- BRIEF -
What you return must match the records below exactly, down to each character.

PROVIDED DATA: Begin

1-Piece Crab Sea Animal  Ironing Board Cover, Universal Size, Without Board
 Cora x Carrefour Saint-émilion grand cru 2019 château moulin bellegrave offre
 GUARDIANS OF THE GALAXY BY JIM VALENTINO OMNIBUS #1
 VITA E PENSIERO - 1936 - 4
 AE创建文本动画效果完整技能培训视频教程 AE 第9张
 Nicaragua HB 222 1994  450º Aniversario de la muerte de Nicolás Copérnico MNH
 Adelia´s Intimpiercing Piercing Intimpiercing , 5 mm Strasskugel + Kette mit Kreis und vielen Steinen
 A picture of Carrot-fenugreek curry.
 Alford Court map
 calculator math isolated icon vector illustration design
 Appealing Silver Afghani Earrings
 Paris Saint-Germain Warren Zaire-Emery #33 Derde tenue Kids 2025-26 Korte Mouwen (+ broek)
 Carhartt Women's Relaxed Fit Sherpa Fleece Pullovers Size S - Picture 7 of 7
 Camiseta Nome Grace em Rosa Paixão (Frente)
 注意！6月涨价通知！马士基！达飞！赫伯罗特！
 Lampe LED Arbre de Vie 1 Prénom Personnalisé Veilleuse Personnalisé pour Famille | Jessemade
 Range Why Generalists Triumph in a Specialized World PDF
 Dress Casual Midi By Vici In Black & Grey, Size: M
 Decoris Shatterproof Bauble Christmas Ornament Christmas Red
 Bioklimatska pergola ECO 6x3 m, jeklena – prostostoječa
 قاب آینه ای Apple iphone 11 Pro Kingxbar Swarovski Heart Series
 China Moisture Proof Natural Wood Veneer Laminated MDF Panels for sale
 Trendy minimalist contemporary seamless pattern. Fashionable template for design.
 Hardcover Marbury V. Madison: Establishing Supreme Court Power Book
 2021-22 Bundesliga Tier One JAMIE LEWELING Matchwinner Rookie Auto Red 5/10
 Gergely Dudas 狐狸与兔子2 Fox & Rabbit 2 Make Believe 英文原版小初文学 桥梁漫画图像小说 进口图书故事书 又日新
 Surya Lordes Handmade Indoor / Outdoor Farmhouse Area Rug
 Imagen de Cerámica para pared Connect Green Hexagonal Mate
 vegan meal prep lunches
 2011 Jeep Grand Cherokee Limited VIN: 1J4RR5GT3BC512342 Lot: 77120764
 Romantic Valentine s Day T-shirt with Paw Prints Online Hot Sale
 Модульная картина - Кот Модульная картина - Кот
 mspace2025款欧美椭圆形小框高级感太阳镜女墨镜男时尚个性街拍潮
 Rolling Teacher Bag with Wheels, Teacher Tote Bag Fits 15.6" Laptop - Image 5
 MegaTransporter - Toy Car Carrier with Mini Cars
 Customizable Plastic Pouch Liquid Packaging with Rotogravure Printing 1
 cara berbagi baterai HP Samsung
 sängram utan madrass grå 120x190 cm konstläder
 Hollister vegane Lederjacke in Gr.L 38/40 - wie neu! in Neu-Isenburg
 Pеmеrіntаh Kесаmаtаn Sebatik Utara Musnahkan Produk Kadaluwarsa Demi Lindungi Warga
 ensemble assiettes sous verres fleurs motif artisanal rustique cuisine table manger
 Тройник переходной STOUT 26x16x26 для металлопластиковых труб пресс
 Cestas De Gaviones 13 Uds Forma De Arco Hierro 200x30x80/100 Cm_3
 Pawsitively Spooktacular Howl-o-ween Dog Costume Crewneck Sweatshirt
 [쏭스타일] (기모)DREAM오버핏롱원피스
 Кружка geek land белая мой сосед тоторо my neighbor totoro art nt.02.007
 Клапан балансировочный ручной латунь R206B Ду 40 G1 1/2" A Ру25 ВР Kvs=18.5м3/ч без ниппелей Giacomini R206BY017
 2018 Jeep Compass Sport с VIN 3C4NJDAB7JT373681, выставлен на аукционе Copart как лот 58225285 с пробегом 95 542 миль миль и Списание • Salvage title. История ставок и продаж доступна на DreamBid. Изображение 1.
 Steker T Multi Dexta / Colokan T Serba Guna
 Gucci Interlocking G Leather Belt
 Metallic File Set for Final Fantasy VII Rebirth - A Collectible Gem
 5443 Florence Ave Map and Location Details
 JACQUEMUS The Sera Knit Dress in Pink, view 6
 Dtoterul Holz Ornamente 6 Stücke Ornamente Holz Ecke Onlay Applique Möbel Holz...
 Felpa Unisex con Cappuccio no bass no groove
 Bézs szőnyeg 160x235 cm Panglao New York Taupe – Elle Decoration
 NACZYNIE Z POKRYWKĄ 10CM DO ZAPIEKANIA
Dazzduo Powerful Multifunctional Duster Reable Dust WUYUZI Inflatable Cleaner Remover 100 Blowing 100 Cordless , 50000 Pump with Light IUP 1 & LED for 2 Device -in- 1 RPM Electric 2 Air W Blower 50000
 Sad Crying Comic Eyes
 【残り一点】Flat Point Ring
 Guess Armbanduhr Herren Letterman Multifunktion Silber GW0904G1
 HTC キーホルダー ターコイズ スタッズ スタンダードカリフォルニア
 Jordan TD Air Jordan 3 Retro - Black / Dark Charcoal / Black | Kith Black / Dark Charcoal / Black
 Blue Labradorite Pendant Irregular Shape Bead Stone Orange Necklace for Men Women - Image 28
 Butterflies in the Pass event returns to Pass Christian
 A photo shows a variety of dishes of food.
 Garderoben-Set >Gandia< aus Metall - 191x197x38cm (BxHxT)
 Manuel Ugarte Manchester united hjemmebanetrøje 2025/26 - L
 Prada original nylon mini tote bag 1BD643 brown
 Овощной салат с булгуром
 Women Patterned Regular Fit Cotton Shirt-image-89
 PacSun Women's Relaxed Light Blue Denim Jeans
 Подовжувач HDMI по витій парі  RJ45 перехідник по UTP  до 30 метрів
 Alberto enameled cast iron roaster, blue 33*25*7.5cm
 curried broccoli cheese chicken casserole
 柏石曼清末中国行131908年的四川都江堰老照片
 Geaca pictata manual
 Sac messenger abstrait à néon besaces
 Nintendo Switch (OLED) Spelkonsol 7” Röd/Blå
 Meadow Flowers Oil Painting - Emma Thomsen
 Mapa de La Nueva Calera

PROVIDED DATA: End

- EXERCISE RESPONSE -
1-Piece Crab Sea Animal  Ironing Board Cover, Universal Size, Without Board
 Cora x Carrefour Saint-émilion grand cru 2019 château moulin bellegrave offre
 GUARDIANS OF THE GALAXY BY JIM VALENTINO OMNIBUS #1
 VITA E PENSIERO - 1936 - 4
 AE创建文本动画效果完整技能培训视频教程 AE 第9张
 Nicaragua HB 222 1994  450º Aniversario de la muerte de Nicolás Copérnico MNH
 Adelia´s Intimpiercing Piercing Intimpiercing , 5 mm Strasskugel + Kette mit Kreis und vielen Steinen
 A picture of Carrot-fenugreek curry.
 Alford Court map
 calculator math isolated icon vector illustration design
 Appealing Silver Afghani Earrings
 Paris Saint-Germain Warren Zaire-Emery #33 Derde tenue Kids 2025-26 Korte Mouwen (+ broek)
 Carhartt Women's Relaxed Fit Sherpa Fleece Pullovers Size S - Picture 7 of 7
 Camiseta Nome Grace em Rosa Paixão (Frente)
 注意！6月涨价通知！马士基！达飞！赫伯罗特！
 Lampe LED Arbre de Vie 1 Prénom Personnalisé Veilleuse Personnalisé pour Famille | Jessemade
 Range Why Generalists Triumph in a Specialized World PDF
 Dress Casual Midi By Vici In Black & Grey, Size: M
 Decoris Shatterproof Bauble Christmas Ornament Christmas Red
 Bioklimatska pergola ECO 6x3 m, jeklena – prostostoječa
 قاب آینه ای Apple iphone 11 Pro Kingxbar Swarovski Heart Series
 China Moisture Proof Natural Wood Veneer Laminated MDF Panels for sale
 Trendy minimalist contemporary seamless pattern. Fashionable template for design.
 Hardcover Marbury V. Madison: Establishing Supreme Court Power Book
 2021-22 Bundesliga Tier One JAMIE LEWELING Matchwinner Rookie Auto Red 5/10
 Gergely Dudas 狐狸与兔子2 Fox & Rabbit 2 Make Believe 英文原版小初文学 桥梁漫画图像小说 进口图书故事书 又日新
 Surya Lordes Handmade Indoor / Outdoor Farmhouse Area Rug
 Imagen de Cerámica para pared Connect Green Hexagonal Mate
 vegan meal prep lunches
 2011 Jeep Grand Cherokee Limited VIN: 1J4RR5GT3BC512342 Lot: 77120764
 Romantic Valentine s Day T-shirt with Paw Prints Online Hot Sale
 Модульная картина - Кот Модульная картина - Кот
 mspace2025款欧美椭圆形小框高级感太阳镜女墨镜男时尚个性街拍潮
 Rolling Teacher Bag with Wheels, Teacher Tote Bag Fits 15.6" Laptop - Image 5
 MegaTransporter - Toy Car Carrier with Mini Cars
 Customizable Plastic Pouch Liquid Packaging with Rotogravure Printing 1
 cara berbagi baterai HP Samsung
 sängram utan madrass grå 120x190 cm konstläder
 Hollister vegane Lederjacke in Gr.L 38/40 - wie neu! in Neu-Isenburg
 Pеmеrіntаh Kесаmаtаn Sebatik Utara Musnahkan Produk Kadaluwarsa Demi Lindungi Warga
 ensemble assiettes sous verres fleurs motif artisanal rustique cuisine table manger
 Тройник переходной STOUT 26x16x26 для металлопластиковых труб пресс
 Cestas De Gaviones 13 Uds Forma De Arco Hierro 200x30x80/100 Cm_3
 Pawsitively Spooktacular Howl-o-ween Dog Costume Crewneck Sweatshirt
 [쏭스타일] (기모)DREAM오버핏롱원피스
 Кружка geek land белая мой сосед тоторо my neighbor totoro art nt.02.007
 Клапан балансировочный ручной латунь R206B Ду 40 G1 1/2" A Ру25 ВР Kvs=18.5м3/ч без ниппелей Giacomini R206BY017
 2018 Jeep Compass Sport с VIN 3C4NJDAB7JT373681, выставлен на аукционе Copart как лот 58225285 с пробегом 95 542 миль миль и Списание • Salvage title. История ставок и продаж доступна на DreamBid. Изображение 1.
 Steker T Multi Dexta / Colokan T Serba Guna
 Gucci Interlocking G Leather Belt
 Metallic File Set for Final Fantasy VII Rebirth - A Collectible Gem
 5443 Florence Ave Map and Location Details
 JACQUEMUS The Sera Knit Dress in Pink, view 6
 Dtoterul Holz Ornamente 6 Stücke Ornamente Holz Ecke Onlay Applique Möbel Holz...
 Felpa Unisex con Cappuccio no bass no groove
 Bézs szőnyeg 160x235 cm Panglao New York Taupe – Elle Decoration
 NACZYNIE Z POKRYWKĄ 10CM DO ZAPIEKANIA
Dazzduo Powerful Multifunctional Duster Reable Dust WUYUZI Inflatable Cleaner Remover 100 Blowing 100 Cordless , 50000 Pump with Light IUP 1 & LED for 2 Device -in- 1 RPM Electric 2 Air W Blower 50000
 Sad Crying Comic Eyes
 【残り一点】Flat Point Ring
 Guess Armbanduhr Herren Letterman Multifunktion Silber GW0904G1
 HTC キーホルダー ターコイズ スタッズ スタンダードカリフォルニア
 Jordan TD Air Jordan 3 Retro - Black / Dark Charcoal / Black | Kith Black / Dark Charcoal / Black
 Blue Labradorite Pendant Irregular Shape Bead Stone Orange Necklace for Men Women - Image 28
 Butterflies in the Pass event returns to Pass Christian
 A photo shows a variety of dishes of food.
 Garderoben-Set >Gandia< aus Metall - 191x197x38cm (BxHxT)
 Manuel Ugarte Manchester united hjemmebanetrøje 2025/26 - L
 Prada original nylon mini tote bag 1BD643 brown
 Овощной салат с булгуром
 Women Patterned Regular Fit Cotton Shirt-image-89
 PacSun Women's Relaxed Light Blue Denim Jeans
 Подовжувач HDMI по витій парі  RJ45 перехідник по UTP  до 30 метрів
 Alberto enameled cast iron roaster, blue 33*25*7.5cm
 curried broccoli cheese chicken casserole
 柏石曼清末中国行131908年的四川都江堰老照片
 Geaca pictata manual
 Sac messenger abstrait à néon besaces
 Nintendo Switch (OLED) Spelkonsol 7” Röd/Blå
 Meadow Flowers Oil Painting - Emma Thomsen
 Mapa de La Nueva Calera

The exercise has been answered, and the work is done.